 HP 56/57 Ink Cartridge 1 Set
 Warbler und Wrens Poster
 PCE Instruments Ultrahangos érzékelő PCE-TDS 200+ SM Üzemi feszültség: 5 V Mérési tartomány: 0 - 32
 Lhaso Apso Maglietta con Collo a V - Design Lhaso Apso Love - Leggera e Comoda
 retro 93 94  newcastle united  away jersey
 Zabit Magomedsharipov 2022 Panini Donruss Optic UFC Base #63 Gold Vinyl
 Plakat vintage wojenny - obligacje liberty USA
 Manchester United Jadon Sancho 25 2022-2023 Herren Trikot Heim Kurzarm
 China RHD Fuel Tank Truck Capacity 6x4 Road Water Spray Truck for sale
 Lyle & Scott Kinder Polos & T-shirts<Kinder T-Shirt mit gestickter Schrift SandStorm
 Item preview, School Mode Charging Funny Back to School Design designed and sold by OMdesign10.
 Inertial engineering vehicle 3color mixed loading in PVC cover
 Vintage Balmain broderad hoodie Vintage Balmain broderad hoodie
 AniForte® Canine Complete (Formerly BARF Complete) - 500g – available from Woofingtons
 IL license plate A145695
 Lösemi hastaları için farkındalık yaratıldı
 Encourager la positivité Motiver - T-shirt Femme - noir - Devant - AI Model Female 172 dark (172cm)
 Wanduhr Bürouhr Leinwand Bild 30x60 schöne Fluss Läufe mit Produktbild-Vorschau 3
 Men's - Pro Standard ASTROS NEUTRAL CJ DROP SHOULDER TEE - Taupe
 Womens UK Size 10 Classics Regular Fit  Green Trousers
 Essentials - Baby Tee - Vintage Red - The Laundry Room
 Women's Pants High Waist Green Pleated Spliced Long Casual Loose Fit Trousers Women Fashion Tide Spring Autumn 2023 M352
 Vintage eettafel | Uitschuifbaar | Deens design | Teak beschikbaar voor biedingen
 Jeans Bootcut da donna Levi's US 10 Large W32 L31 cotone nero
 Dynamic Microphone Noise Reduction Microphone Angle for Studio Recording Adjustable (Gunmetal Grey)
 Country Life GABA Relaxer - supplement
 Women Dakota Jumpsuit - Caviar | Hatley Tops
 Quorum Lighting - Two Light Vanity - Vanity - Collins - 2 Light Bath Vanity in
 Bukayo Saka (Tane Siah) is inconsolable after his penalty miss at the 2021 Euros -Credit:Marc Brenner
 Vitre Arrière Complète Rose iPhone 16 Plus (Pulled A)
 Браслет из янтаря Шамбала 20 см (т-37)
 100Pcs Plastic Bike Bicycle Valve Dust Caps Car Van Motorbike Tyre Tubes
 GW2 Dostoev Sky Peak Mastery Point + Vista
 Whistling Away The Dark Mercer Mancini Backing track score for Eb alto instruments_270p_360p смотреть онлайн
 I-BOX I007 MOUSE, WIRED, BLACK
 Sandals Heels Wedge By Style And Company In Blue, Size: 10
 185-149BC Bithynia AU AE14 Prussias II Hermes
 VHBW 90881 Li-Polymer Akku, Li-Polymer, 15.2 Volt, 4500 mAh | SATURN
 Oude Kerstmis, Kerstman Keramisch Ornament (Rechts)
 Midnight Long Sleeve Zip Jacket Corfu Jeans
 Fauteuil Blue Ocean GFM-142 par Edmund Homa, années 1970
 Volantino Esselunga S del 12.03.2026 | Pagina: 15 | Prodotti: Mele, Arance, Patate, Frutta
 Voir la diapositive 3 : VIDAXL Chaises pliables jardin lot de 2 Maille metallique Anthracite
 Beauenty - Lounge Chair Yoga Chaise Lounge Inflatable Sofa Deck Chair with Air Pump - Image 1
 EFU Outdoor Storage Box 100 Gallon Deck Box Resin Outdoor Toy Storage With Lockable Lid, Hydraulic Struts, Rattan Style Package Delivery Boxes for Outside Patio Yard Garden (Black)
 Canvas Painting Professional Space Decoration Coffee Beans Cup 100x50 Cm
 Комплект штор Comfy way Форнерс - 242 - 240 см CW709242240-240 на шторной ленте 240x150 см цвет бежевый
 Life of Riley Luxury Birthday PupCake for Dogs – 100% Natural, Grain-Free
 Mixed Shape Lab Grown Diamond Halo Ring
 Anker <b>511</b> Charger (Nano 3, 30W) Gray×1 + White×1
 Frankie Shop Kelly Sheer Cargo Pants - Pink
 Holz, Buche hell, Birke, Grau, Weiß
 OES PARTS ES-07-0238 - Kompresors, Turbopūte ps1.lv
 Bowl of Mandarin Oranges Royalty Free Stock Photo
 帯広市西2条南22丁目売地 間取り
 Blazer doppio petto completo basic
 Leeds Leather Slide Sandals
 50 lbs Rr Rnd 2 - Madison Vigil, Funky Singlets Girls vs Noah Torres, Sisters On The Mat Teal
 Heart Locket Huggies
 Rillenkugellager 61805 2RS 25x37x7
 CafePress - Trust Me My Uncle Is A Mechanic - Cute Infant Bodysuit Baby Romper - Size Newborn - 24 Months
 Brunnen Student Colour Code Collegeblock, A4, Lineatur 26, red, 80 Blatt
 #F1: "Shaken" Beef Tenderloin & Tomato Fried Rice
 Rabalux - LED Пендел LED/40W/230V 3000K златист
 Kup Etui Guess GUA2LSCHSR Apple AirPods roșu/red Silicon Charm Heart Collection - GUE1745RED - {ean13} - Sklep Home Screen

___

→ **WORK ORDER**: Out of the listing above, reproduce exactly the lines from the one with "Voir la diapositive" up to and including the one with "帯広市西2条南22丁目売地 間取り".

→ **SOLVED EXERCISE**:
 Voir la diapositive 3 : VIDAXL Chaises pliables jardin lot de 2 Maille metallique Anthracite
 Beauenty - Lounge Chair Yoga Chaise Lounge Inflatable Sofa Deck Chair with Air Pump - Image 1
 EFU Outdoor Storage Box 100 Gallon Deck Box Resin Outdoor Toy Storage With Lockable Lid, Hydraulic Struts, Rattan Style Package Delivery Boxes for Outside Patio Yard Garden (Black)
 Canvas Painting Professional Space Decoration Coffee Beans Cup 100x50 Cm
 Комплект штор Comfy way Форнерс - 242 - 240 см CW709242240-240 на шторной ленте 240x150 см цвет бежевый
 Life of Riley Luxury Birthday PupCake for Dogs – 100% Natural, Grain-Free
 Mixed Shape Lab Grown Diamond Halo Ring
 Anker <b>511</b> Charger (Nano 3, 30W) Gray×1 + White×1
 Frankie Shop Kelly Sheer Cargo Pants - Pink
 Holz, Buche hell, Birke, Grau, Weiß
 OES PARTS ES-07-0238 - Kompresors, Turbopūte ps1.lv
 Bowl of Mandarin Oranges Royalty Free Stock Photo
 帯広市西2条南22丁目売地 間取り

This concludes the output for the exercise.